Olive stiffened in the silence that followed. And as he watched, Lavi tucked a lock of hair behind her hair with an unreadable, faraway expression. His stomach churned.

“We were one of the many peacekeepers at the scene after it happened,” Izsak explained.

Gabrielle elaborated, “The fire destroyed most evidence of ELPIS involvement in the royal palace, so we’re lucky Olive was there as key witness.”

There was a somber silence.

Before any more information could be offered, Olive interjected with feigned disinterest, “Anyways, is the meeting over?”

“Yeah, we just wrapped up,” Izsak replied, gaze lingering. “We’re working with the chair of your Investigation Bureau and Security Council to get to the bottom of this before it gets anymore out of hand.” He paused in thought. “You need to be careful, Olive.”

“He’s right you know,” Lavi added, arms crossed again.

“They seem very set on the idea that the assassins are Ariesian,” Gabrielle muttered. “Which I can’t exactly fault them for. It’s very rare for non-Ariesians to be Elementalists with the fire attribute.”

Izsak’s gaze flicked to Gabrielle’s face. “You sound unconvinced.”
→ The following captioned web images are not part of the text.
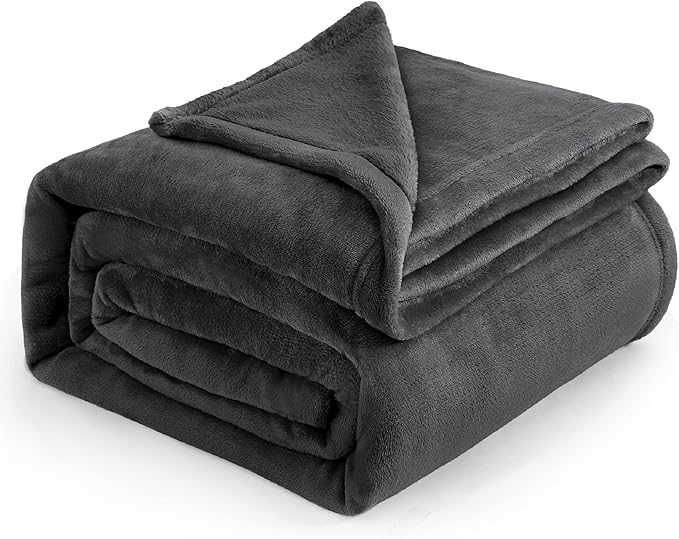 Bedsure GentleSoft Fleece Blanket California King Size Charcoal - Lightweight Plush Fuzzy Cozy Soft Bed Blankets, 102x96 inches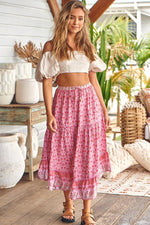 Shayla Maxi Skirt Rose Blossom print Kenzie Tenzie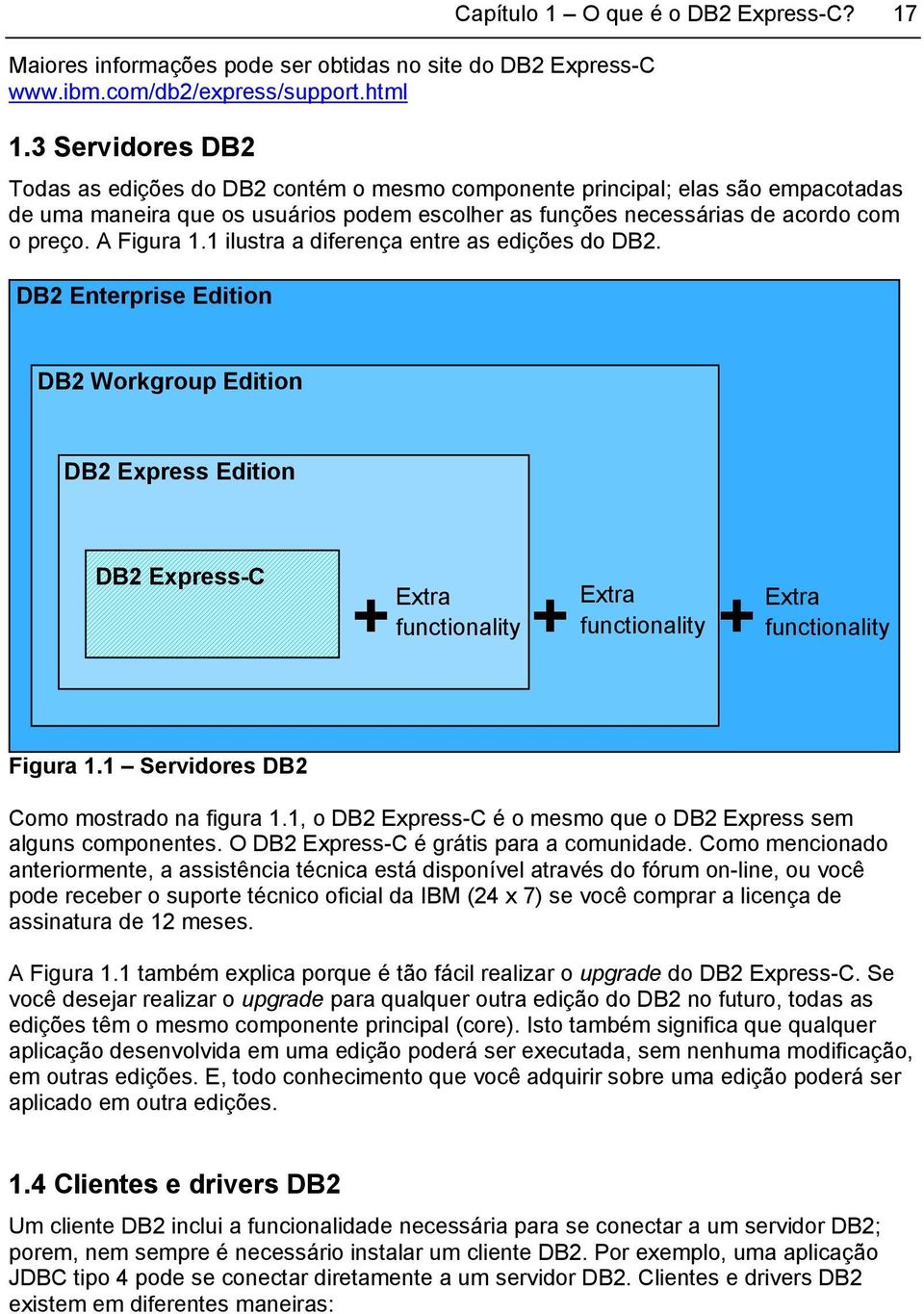 A Figura 1.1 ilustra a diferença entre as edições do DB2.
Gabrielle chuckled, sliding her hands into her pockets. “I even have my reservations about whether the second group that attacked Olive last night are part of the first assassination attempt. We don’t fully understand the motive. There are too many variables to say for certain.”

And nothing could be left up to chance.

“You mean that there might be more than one group?” Lavi frowned. She gave Olive a worried look. “That’s not good.”
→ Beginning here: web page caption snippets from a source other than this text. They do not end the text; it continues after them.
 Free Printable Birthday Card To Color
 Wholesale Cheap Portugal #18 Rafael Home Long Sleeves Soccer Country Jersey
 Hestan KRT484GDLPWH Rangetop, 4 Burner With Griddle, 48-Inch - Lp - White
“Anyways”—Gabrielle sighed, waving the thought off—“all the royal guards are to submit their conductors for inspection by tomorrow night.” She nodded at the two who stood behind Olive. “Why don’t you two submit your conductors right now? I’ll handle our prince here.”

Trystan and the other guard exchanged uncertain glances, but before they could protest, Izsak stepped between them and pushed them down the hall. “Here, here,” Izsak said good-naturedly as he threw a glance back at Olive and Gabrielle, “I’ll show you where to submit them.”

It wasn’t until the three had disappeared from view that Gabrielle spoke.

“I heard that you used it again,” she said quietly. Her dark eyes seemed to bore into his face as she placed a hand on his shoulder. “Are you all right? Would you like me to put in a word to Doctor Kingsley?” Olive winced at the pressure, and she pulled back in surprise. “Oh, sorry…” Another pause. “You should get your wound examined. You know how dangerous elemental vitae can be.”

“I’m fine,” Olive replied, shrugging away from the woman. With that, he inclined his head down the hall and headed in the direction. Lavi soon joined him at his side.

“Wait―where―”

“To feed my bird,” Olive said. “It’s quieter.”

“But―”

“I’ll ask for an escort home, so don’t worry. You won’t get in trouble with your superiors.”

“And he says that I have a terrible personality,” Gabrielle sighed before she shouted: “You should be going to the medical Conductors!”

Aries is a warm northern country ruled by a fair king and queen. Beneath the king and queen are feudal lords who are assigned states to govern and given certain duties in turn. The capital is New Ram City which is under the protection of the royal guards, personally selected Conductors chosen to protect the royal family.